Маша закусила губку, ее чистый лоб прорезала морщинка. Кажется, воспоминание о том вечере принесло ей куда больше боли, чем она рассчитывала!

* * *

– Он действительно был очарован, – вспоминала Маша. – Смотрел во все глаза на эту красивую компанию. Больше взглядов, правда, он дарил Соне. Немудрено – в то время она действительно была очаровательной! Переполненной радостью творчества, но об этом я уже говорила. Она оставалась равнодушна к его взглядам. Единственное, что ее интересовало – в каких мы взаимоотношениях. Моя мать, знаете ли, не хотела ничего знать, кроме своей музыки. Поэтому я как-то больше интересовала Соню. Скрипачки ведь не уходят на пенсию в возрасте тридцати пяти лет, так? Моя же маменька пользовалась успехом. Сейчас она вообще живет в Испании. Наверное, это несправедливо – почему скрипачкам можно рожать, а балеринам не рекомендуется?

Но я опять отвлекаюсь. Я была глупая и поняла, что теряю его, только в конце вечера. Не потому, что Соня что-то почувствовала – нет, моя тетя была очень честным человеком. Потому что сам Гордон влюбился в мою Соню по уши. И начал приходить уже без меня. Якобы для того, чтобы Соня взяла в театр его обожаемую Олю. По его мнению, спасение Оли зависело именно от Сони.

– То есть Олю уже тогда надо было спасать? – переспросила я.

– Олю надо было спасать всегда, – рассмеялась Маша немного зло. – Впрочем, тогда Оля была хорошенькой беленькой девочкой с задумчивым взглядом. Она еще только начала вбирать в свои ангельские черты того монстра, которым готовилась стать. А Сонечке очень хотелось поставить «Гамлета». Увидев Олю, она всплеснула руками от счастья…

Я почти на сто процентов была уверена, на какую роль прочили Олю.

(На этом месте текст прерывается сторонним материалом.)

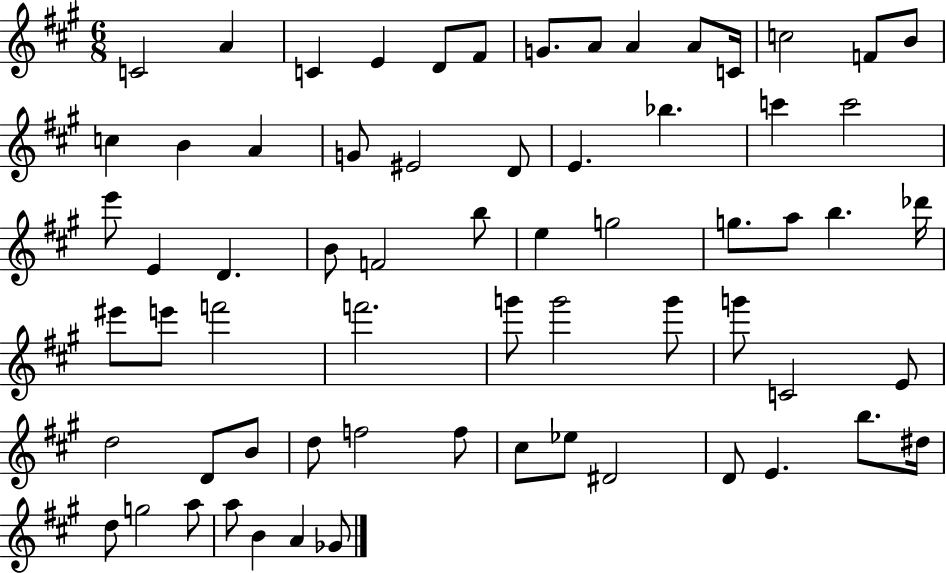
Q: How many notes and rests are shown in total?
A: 66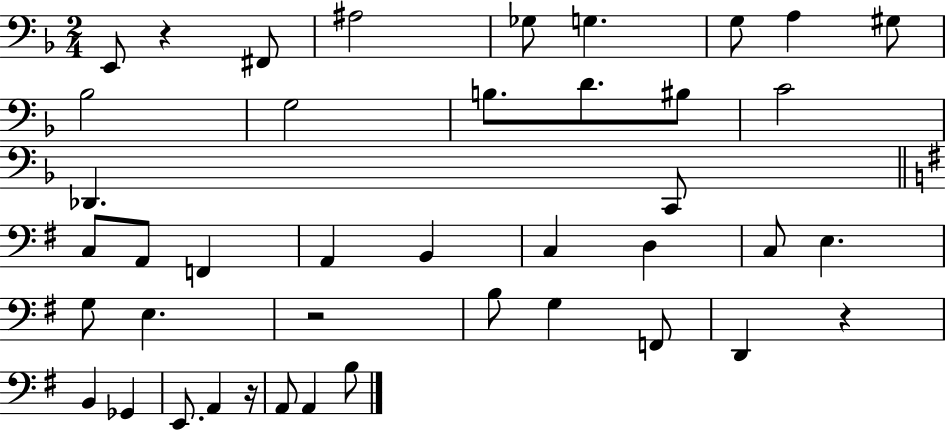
E2/e R/q F#2/e A#3/h Gb3/e G3/q. G3/e A3/q G#3/e Bb3/h G3/h B3/e. D4/e. BIS3/e C4/h Db2/q. C2/e C3/e A2/e F2/q A2/q B2/q C3/q D3/q C3/e E3/q. G3/e E3/q. R/h B3/e G3/q F2/e D2/q R/q B2/q Gb2/q E2/e. A2/q R/s A2/e A2/q B3/e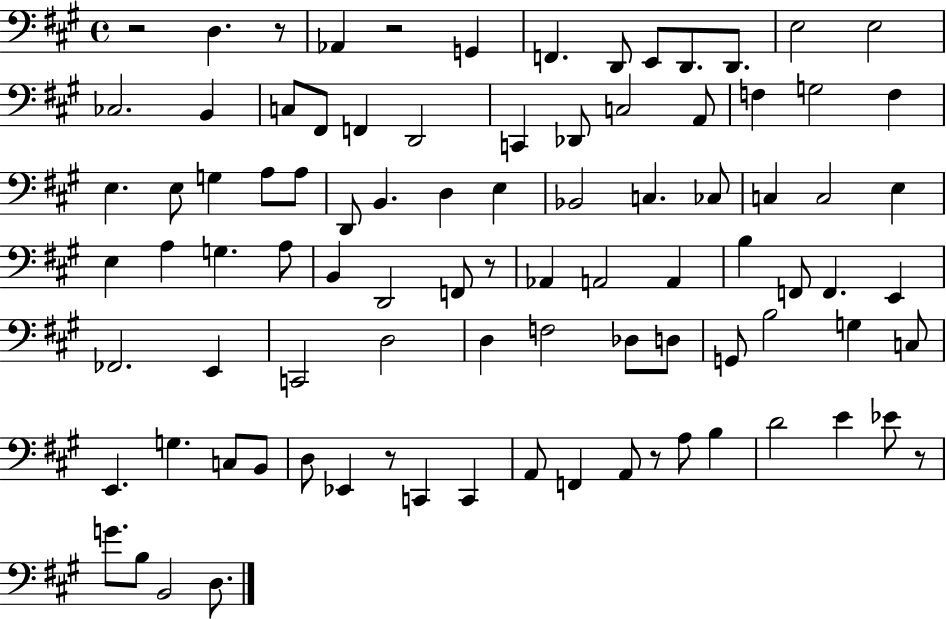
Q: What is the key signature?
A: A major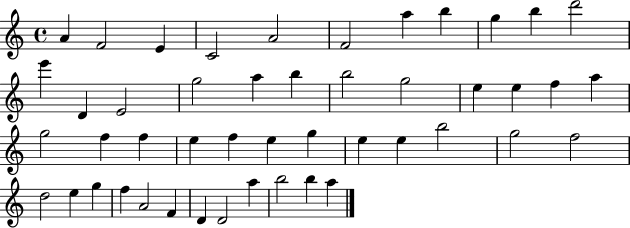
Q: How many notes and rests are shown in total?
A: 47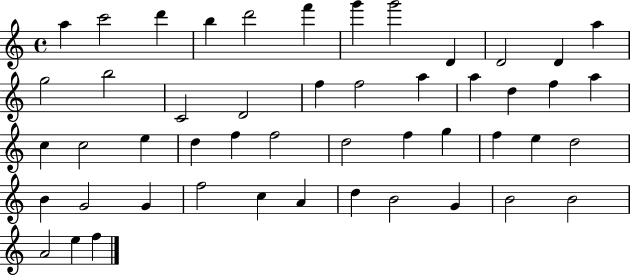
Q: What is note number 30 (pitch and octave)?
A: D5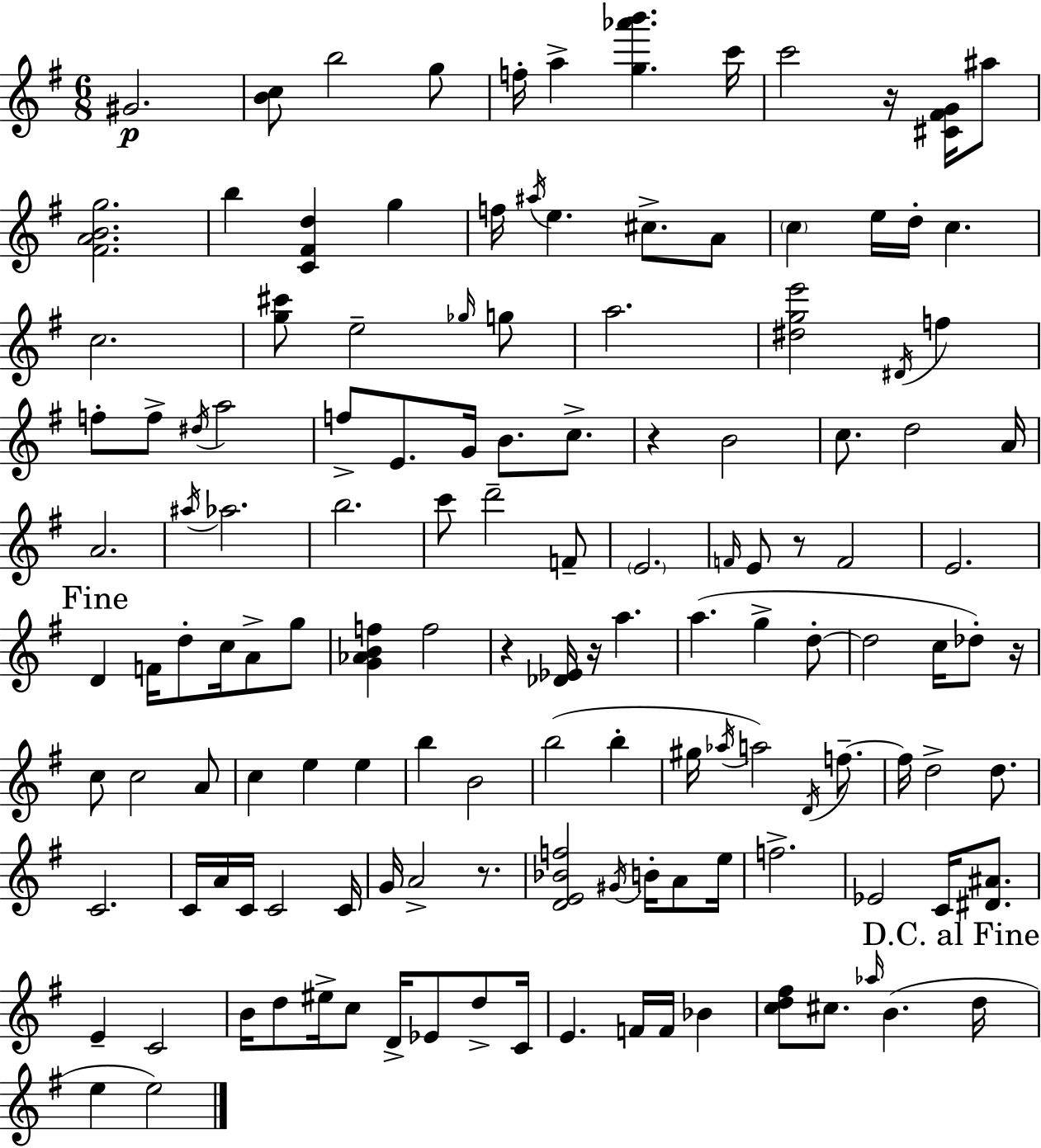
G#4/h. [B4,C5]/e B5/h G5/e F5/s A5/q [G5,Ab6,B6]/q. C6/s C6/h R/s [C#4,F#4,G4]/s A#5/e [F#4,A4,B4,G5]/h. B5/q [C4,F#4,D5]/q G5/q F5/s A#5/s E5/q. C#5/e. A4/e C5/q E5/s D5/s C5/q. C5/h. [G5,C#6]/e E5/h Gb5/s G5/e A5/h. [D#5,G5,E6]/h D#4/s F5/q F5/e F5/e D#5/s A5/h F5/e E4/e. G4/s B4/e. C5/e. R/q B4/h C5/e. D5/h A4/s A4/h. A#5/s Ab5/h. B5/h. C6/e D6/h F4/e E4/h. F4/s E4/e R/e F4/h E4/h. D4/q F4/s D5/e C5/s A4/e G5/e [G4,Ab4,B4,F5]/q F5/h R/q [Db4,Eb4]/s R/s A5/q. A5/q. G5/q D5/e D5/h C5/s Db5/e R/s C5/e C5/h A4/e C5/q E5/q E5/q B5/q B4/h B5/h B5/q G#5/s Ab5/s A5/h D4/s F5/e. F5/s D5/h D5/e. C4/h. C4/s A4/s C4/s C4/h C4/s G4/s A4/h R/e. [D4,E4,Bb4,F5]/h G#4/s B4/s A4/e E5/s F5/h. Eb4/h C4/s [D#4,A#4]/e. E4/q C4/h B4/s D5/e EIS5/s C5/e D4/s Eb4/e D5/e C4/s E4/q. F4/s F4/s Bb4/q [C5,D5,F#5]/e C#5/e. Ab5/s B4/q. D5/s E5/q E5/h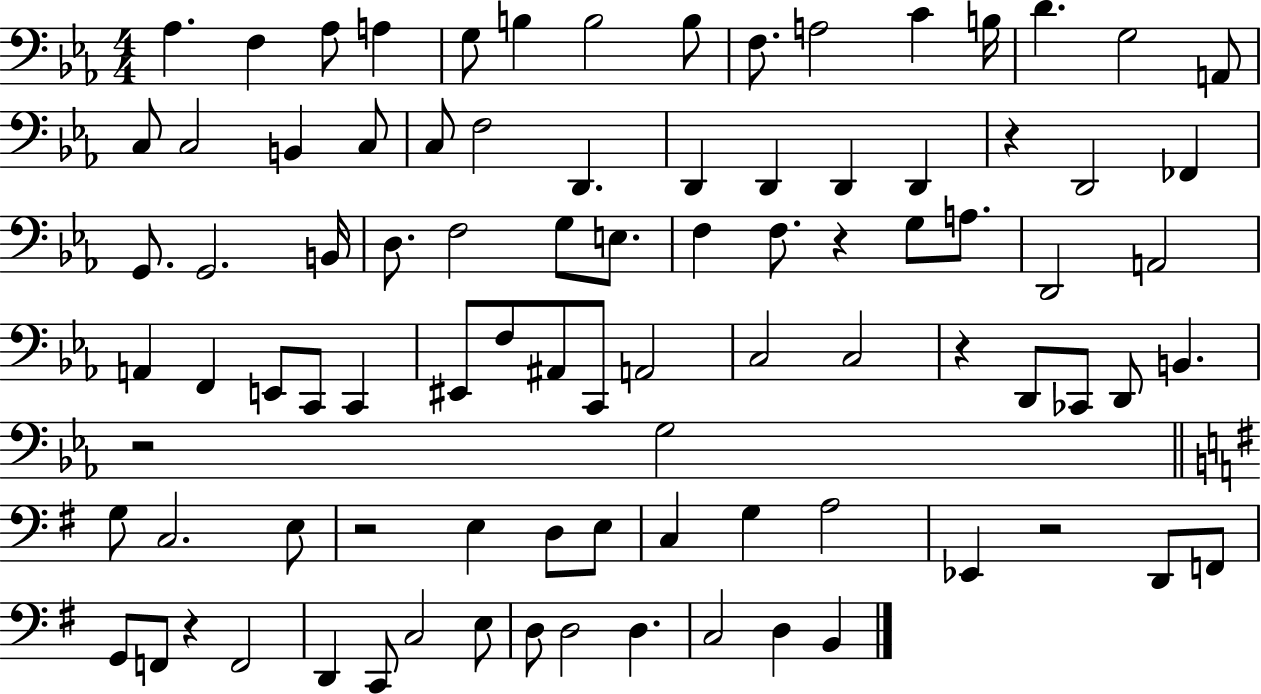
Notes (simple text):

Ab3/q. F3/q Ab3/e A3/q G3/e B3/q B3/h B3/e F3/e. A3/h C4/q B3/s D4/q. G3/h A2/e C3/e C3/h B2/q C3/e C3/e F3/h D2/q. D2/q D2/q D2/q D2/q R/q D2/h FES2/q G2/e. G2/h. B2/s D3/e. F3/h G3/e E3/e. F3/q F3/e. R/q G3/e A3/e. D2/h A2/h A2/q F2/q E2/e C2/e C2/q EIS2/e F3/e A#2/e C2/e A2/h C3/h C3/h R/q D2/e CES2/e D2/e B2/q. R/h G3/h G3/e C3/h. E3/e R/h E3/q D3/e E3/e C3/q G3/q A3/h Eb2/q R/h D2/e F2/e G2/e F2/e R/q F2/h D2/q C2/e C3/h E3/e D3/e D3/h D3/q. C3/h D3/q B2/q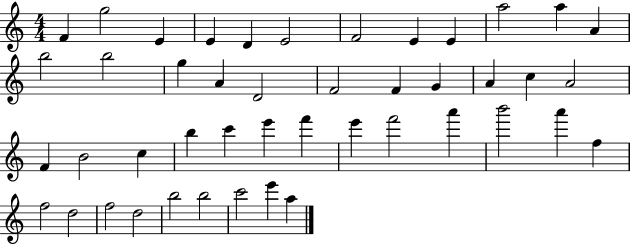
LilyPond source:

{
  \clef treble
  \numericTimeSignature
  \time 4/4
  \key c \major
  f'4 g''2 e'4 | e'4 d'4 e'2 | f'2 e'4 e'4 | a''2 a''4 a'4 | \break b''2 b''2 | g''4 a'4 d'2 | f'2 f'4 g'4 | a'4 c''4 a'2 | \break f'4 b'2 c''4 | b''4 c'''4 e'''4 f'''4 | e'''4 f'''2 a'''4 | b'''2 a'''4 f''4 | \break f''2 d''2 | f''2 d''2 | b''2 b''2 | c'''2 e'''4 a''4 | \break \bar "|."
}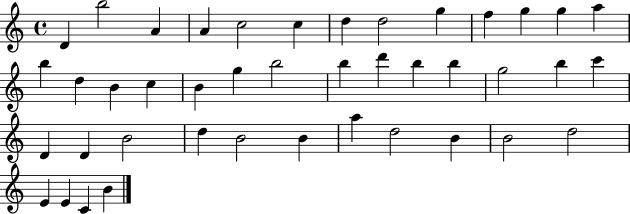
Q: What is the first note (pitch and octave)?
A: D4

– «О боже, это Офелия!» – передразнила Соню Маша. – Она еще не знала, что наша «Офелия» – это маленькая ядерная бомба, разрушающая все, что встретит на пути. Впрочем, тогда я тоже этого не знала…

«Отцом все время бредит, обвиняет весь свет во лжи, себя колотит в грудь», – вспомнила я.

Кто знал следы страшной тайны? Неужели – «Офелия»?

Или – говоря проще, Оля Гордон?

* * *

– Кстати, я тогда жутко обиделась, – Маша достала новую сигарету и скорчила недовольную рожицу. Сейчас, когда она разговорилась, она стала симпатичной. Вполне забавной и очень даже свойской в общении. – Представляете, Саша, я-то рассчитывала наконец ворваться на подмостки и засиять в образе Офелии! А тут появляется белокурая Олечка, хлопает своими голубыми глазками воплощенной невинности, и все грохаются оземь в подобострастии! И почему существует расхожее мнение, что Офелия была блондинкой?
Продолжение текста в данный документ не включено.